- [RECORDED DATA]:

════

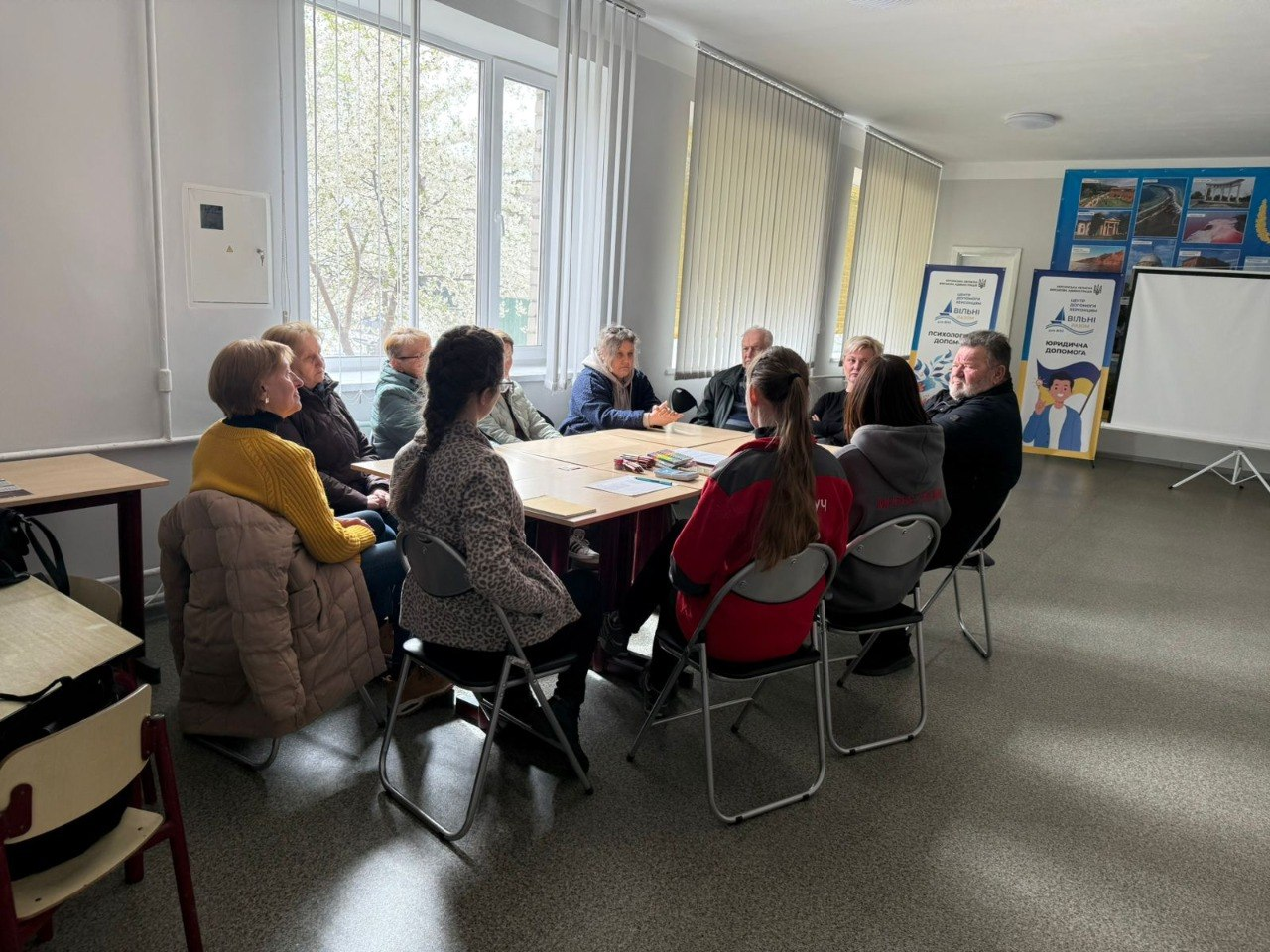 Група людей сидить за великим столом у світлому навчальному або офісному приміщенні під час робочої зустрічі. У залі встановлені інформаційні стенди з логотипами організацій, а на фоні видно велике вікно та екран для презентацій.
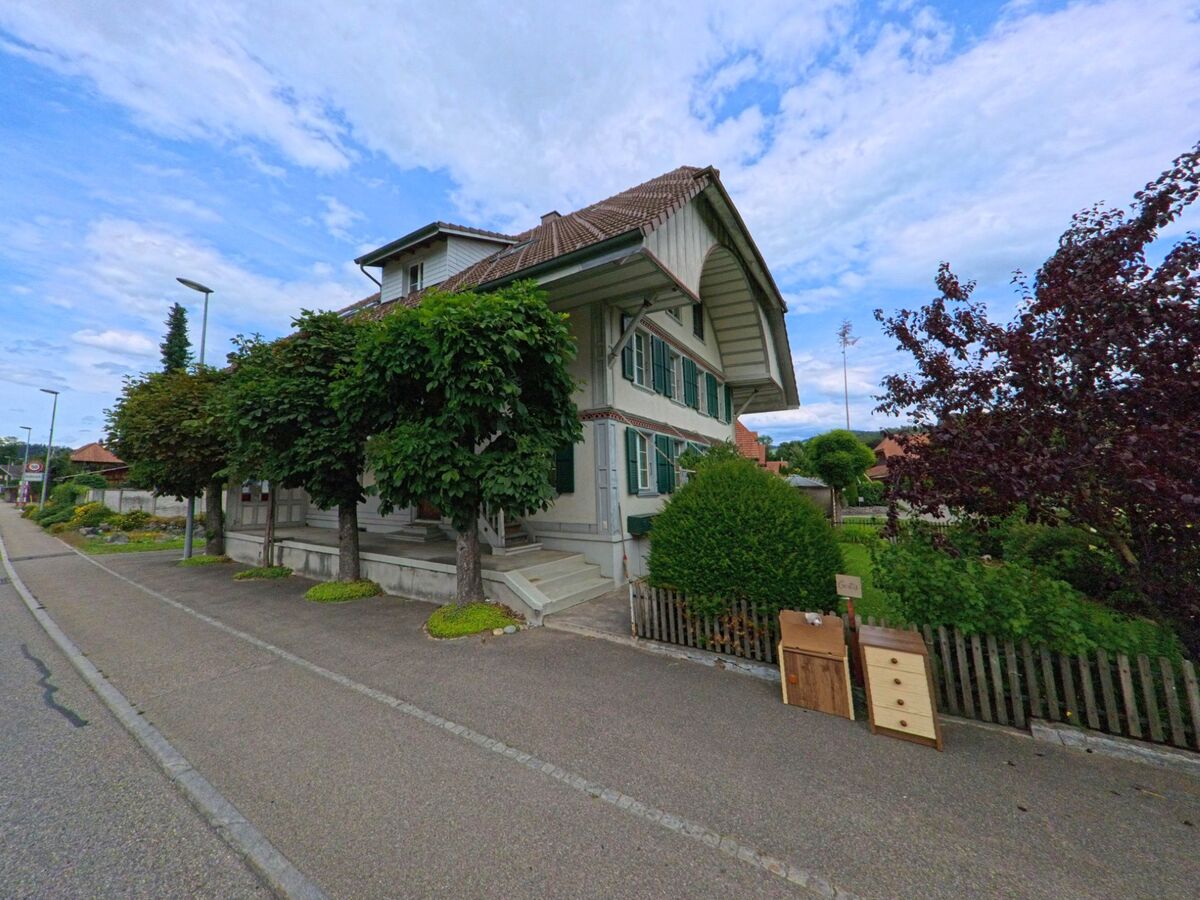 In Lauperswil (3436, Kanton Bern) steht ein traditionelles Haus mit gruenen Fensterlaeden an einer ruhigen Strasse, wo aussortierte Moebel zur Abgabe bereitstehen.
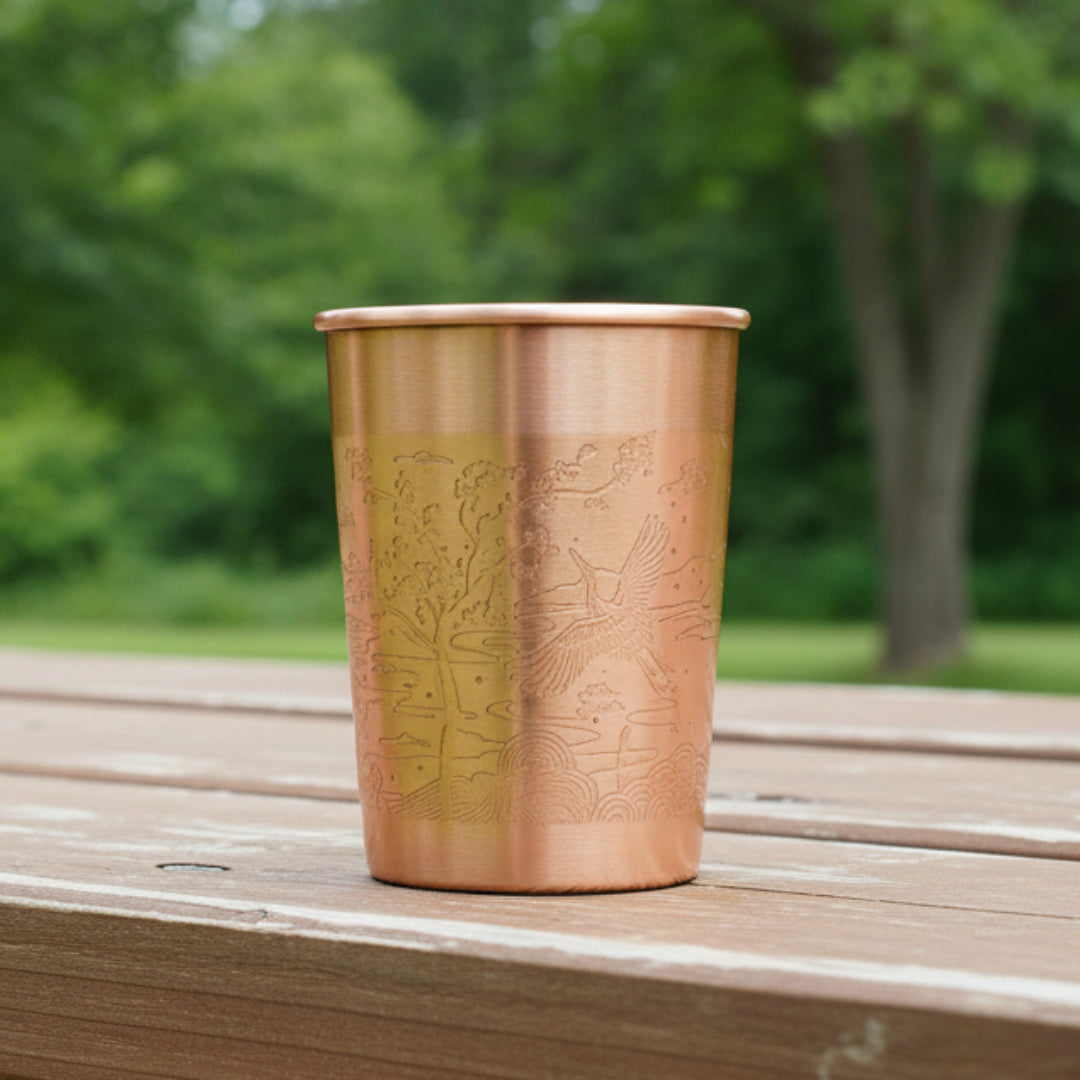 Copper tumbler with embossed design on an outdoor background.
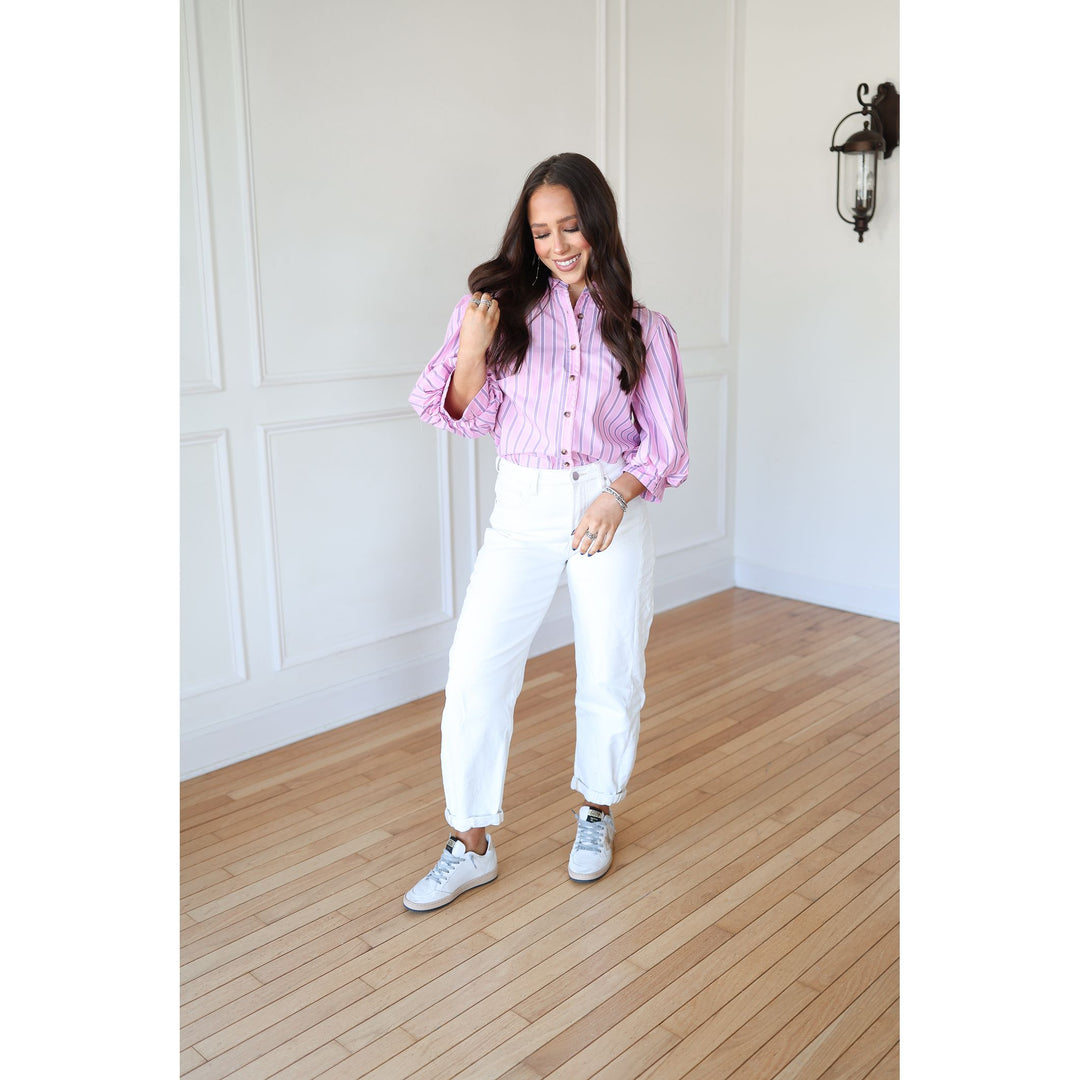 Woman wearing a pink checkered shirt and white pants in a room with wooden flooring and white walls.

════

- [INSTRUCTIONS TO FOLLOW]:
Give back the full listing word for word, with the pictures left out.

- [SOLUTION FOR THIS PROBLEM]:
 Група людей сидить за великим столом у світлому навчальному або офісному приміщенні під час робочої зустрічі. У залі встановлені інформаційні стенди з логотипами організацій, а на фоні видно велике вікно та екран для презентацій.
 In Lauperswil (3436, Kanton Bern) steht ein traditionelles Haus mit gruenen Fensterlaeden an einer ruhigen Strasse, wo aussortierte Moebel zur Abgabe bereitstehen.
 Copper tumbler with embossed design on an outdoor background.
 Woman wearing a pink checkered shirt and white pants in a room with wooden flooring and white walls.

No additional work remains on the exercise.